Exercise objective ▸ Of all the lines in the entries below, give again exactly those starting at the line containing "The Most Popular" and ending at the line containing "Elvin Jones Quartet", both ends included, and no others.

Stored dataset items:
************

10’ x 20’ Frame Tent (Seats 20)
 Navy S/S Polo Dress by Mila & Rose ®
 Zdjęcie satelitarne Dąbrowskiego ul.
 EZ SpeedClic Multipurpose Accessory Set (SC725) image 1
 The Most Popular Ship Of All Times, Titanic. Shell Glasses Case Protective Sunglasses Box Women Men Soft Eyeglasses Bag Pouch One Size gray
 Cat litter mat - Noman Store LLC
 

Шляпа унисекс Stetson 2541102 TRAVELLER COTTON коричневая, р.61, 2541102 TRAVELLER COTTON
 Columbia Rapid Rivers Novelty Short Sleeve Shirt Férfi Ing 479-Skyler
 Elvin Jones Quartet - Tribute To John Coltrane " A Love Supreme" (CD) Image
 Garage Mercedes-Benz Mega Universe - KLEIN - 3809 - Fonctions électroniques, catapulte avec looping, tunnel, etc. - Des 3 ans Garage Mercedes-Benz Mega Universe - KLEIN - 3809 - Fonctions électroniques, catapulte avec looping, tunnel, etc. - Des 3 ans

************

Answer to the problem ▸
 The Most Popular Ship Of All Times, Titanic. Shell Glasses Case Protective Sunglasses Box Women Men Soft Eyeglasses Bag Pouch One Size gray
 Cat litter mat - Noman Store LLC
 

Шляпа унисекс Stetson 2541102 TRAVELLER COTTON коричневая, р.61, 2541102 TRAVELLER COTTON
 Columbia Rapid Rivers Novelty Short Sleeve Shirt Férfi Ing 479-Skyler
 Elvin Jones Quartet - Tribute To John Coltrane " A Love Supreme" (CD) Image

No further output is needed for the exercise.